**Work request:** Return the listing below verbatim. Pictures do not belong in the copy.
____ Material provided
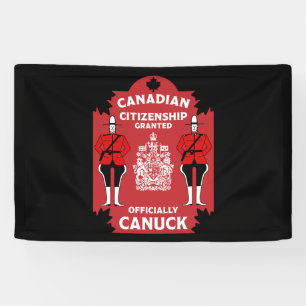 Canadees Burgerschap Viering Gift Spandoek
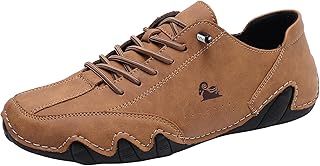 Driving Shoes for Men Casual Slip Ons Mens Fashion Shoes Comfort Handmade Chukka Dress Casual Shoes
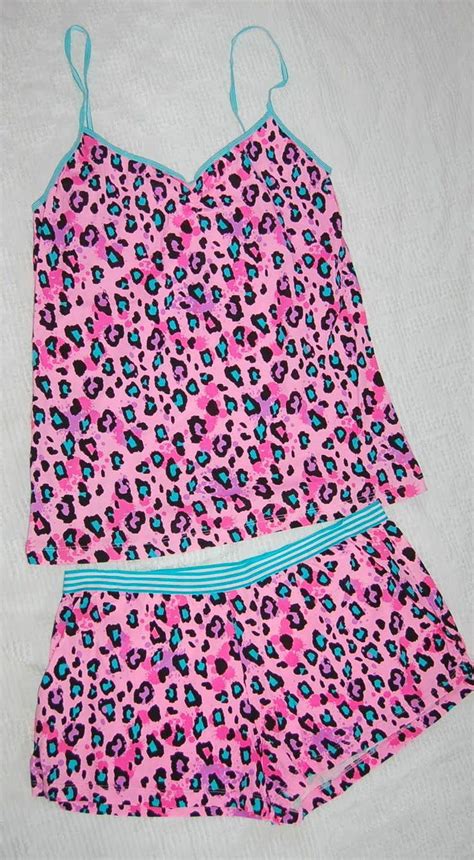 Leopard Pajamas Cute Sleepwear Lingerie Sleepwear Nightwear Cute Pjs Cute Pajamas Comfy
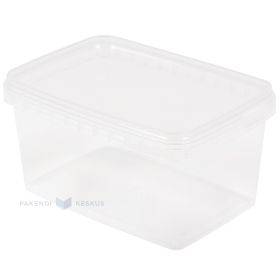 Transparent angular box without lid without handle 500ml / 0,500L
________
**Your solution:**
 Canadees Burgerschap Viering Gift Spandoek
 Driving Shoes for Men Casual Slip Ons Mens Fashion Shoes Comfort Handmade Chukka Dress Casual Shoes
 Leopard Pajamas Cute Sleepwear Lingerie Sleepwear Nightwear Cute Pjs Cute Pajamas Comfy
 Transparent angular box without lid without handle 500ml / 0,500L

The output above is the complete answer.